In traditional setups, combining relational depth with analytical speed requires complex SQL. Queries involve multiple joins, subqueries, and constant adjustments as the data model evolves.
For marketing teams, this translates into slow audience builds, brittle logic, and a dependency on data engineering for anything beyond basic segmentation. And for a marketing leader, this creates a bottleneck because campaigns depend on technical teams to move forward.
D·engage removes that complexity by handling the underlying data relationships for you.
Instead of manually defining how tables connect, the platform understands those relationships natively. When you build an audience, you’re not writing joins or stitching tables together. You’re simply defining the conditions you care about across customers, products, transactions, or any other data in your model.
Behind the scenes, D·engage translates those conditions into the required joins and query logic automatically.
That means marketers can work with complex, multi-table data in the same way they would build a simple segment without relying on engineering support every time the logic changes.

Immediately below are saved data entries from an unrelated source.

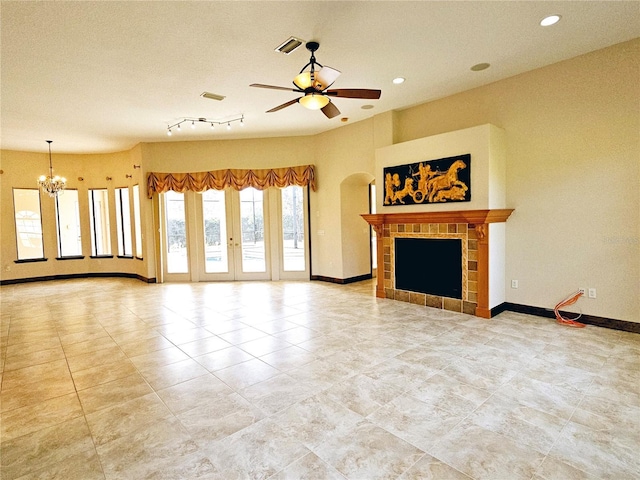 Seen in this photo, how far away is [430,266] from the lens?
556cm

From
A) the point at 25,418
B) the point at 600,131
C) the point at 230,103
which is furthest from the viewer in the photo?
the point at 230,103

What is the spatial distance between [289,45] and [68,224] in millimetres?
8966

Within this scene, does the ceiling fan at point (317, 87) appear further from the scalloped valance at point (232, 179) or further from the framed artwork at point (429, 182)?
the scalloped valance at point (232, 179)

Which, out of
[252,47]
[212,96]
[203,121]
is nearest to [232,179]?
[203,121]

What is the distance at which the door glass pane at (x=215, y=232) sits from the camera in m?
8.37

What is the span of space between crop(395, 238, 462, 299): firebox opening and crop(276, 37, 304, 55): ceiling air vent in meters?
3.42

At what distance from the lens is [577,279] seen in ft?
14.7

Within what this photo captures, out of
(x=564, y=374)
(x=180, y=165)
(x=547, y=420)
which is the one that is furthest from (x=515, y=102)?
(x=180, y=165)

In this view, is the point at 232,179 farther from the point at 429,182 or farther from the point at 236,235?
the point at 429,182

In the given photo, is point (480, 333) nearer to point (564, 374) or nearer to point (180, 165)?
point (564, 374)

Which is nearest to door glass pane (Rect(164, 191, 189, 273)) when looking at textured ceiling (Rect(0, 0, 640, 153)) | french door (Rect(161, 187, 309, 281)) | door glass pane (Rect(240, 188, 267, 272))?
french door (Rect(161, 187, 309, 281))

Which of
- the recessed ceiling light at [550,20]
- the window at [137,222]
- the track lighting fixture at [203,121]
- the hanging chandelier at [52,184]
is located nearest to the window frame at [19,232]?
the hanging chandelier at [52,184]

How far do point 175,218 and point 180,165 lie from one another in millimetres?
1288

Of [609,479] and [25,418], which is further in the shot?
[25,418] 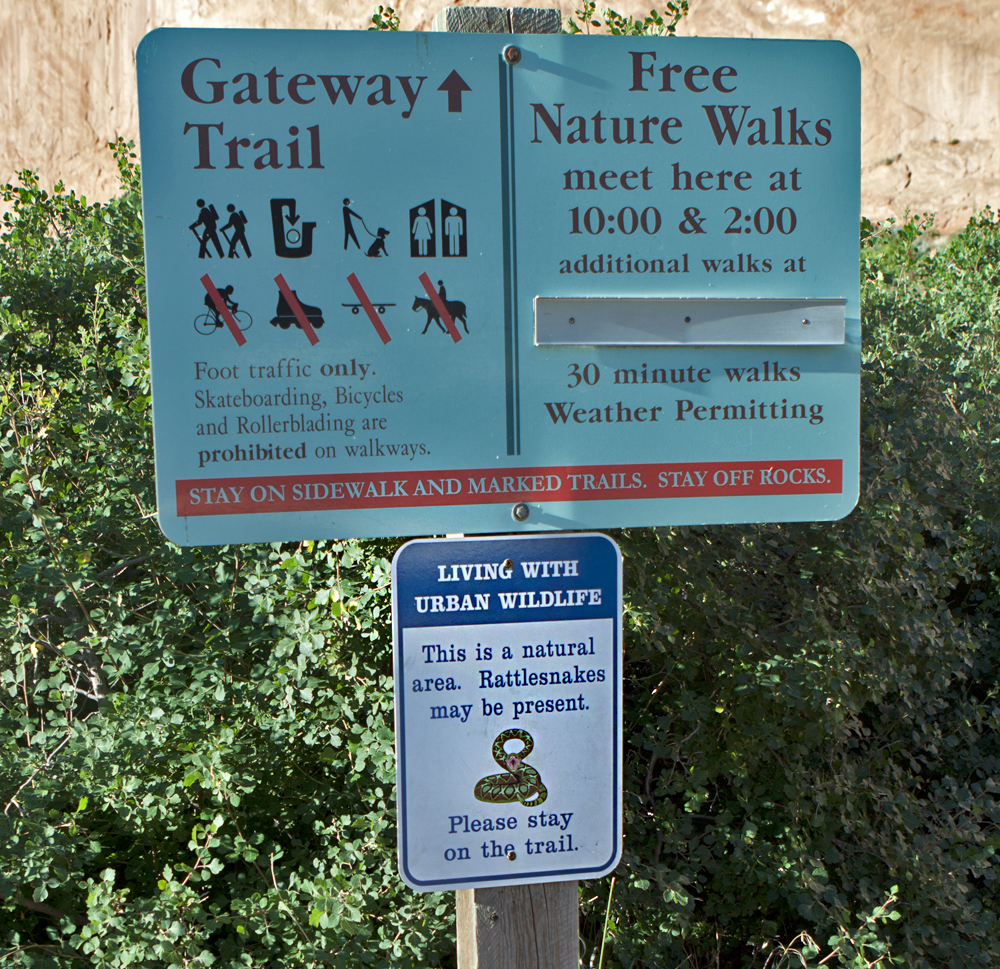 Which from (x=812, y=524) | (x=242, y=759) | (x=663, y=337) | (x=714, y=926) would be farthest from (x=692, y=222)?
(x=714, y=926)

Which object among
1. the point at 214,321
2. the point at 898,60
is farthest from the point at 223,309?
the point at 898,60

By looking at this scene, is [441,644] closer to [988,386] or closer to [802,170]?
[802,170]

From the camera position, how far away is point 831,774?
9.14ft

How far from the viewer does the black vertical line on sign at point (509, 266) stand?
4.70 feet

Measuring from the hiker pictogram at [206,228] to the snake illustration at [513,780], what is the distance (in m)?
0.87

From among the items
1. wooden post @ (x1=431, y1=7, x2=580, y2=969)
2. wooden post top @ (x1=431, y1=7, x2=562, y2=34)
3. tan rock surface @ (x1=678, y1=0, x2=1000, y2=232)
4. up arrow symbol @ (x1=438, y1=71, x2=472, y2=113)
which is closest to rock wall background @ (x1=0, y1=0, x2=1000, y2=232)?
tan rock surface @ (x1=678, y1=0, x2=1000, y2=232)

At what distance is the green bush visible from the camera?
2.30 m

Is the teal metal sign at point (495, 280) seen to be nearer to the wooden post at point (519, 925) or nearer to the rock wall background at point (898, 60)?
the wooden post at point (519, 925)

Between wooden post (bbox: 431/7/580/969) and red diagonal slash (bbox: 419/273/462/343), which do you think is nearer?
red diagonal slash (bbox: 419/273/462/343)

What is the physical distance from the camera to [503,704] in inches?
58.1

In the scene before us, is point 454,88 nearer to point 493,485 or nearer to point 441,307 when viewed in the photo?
point 441,307

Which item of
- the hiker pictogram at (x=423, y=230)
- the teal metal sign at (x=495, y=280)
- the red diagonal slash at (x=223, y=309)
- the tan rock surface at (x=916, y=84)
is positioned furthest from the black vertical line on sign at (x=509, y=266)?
the tan rock surface at (x=916, y=84)

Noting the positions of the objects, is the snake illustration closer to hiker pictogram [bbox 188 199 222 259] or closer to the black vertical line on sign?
the black vertical line on sign

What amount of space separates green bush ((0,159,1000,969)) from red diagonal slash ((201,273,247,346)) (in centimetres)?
97
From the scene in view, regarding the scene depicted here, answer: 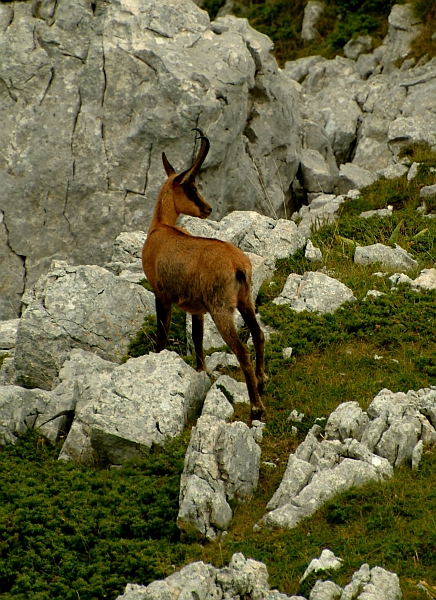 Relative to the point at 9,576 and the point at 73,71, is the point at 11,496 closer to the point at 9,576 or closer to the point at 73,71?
the point at 9,576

In D·engage, this is what eliminating join complexity looks like in practice:
- A marketer types: “users who added to cart but didn’t buy in the last 3 days.”
- Segment Shaper, part of Zeki AI, builds the audience instantly.
No SQL, manual joins, or waiting on a data team.
The relational model and star schema are working behind the scenes. The marketer simply describes what they need, and the platform translates that into the required logic automatically.
This is the difference between data architecture in theory and marketing reality.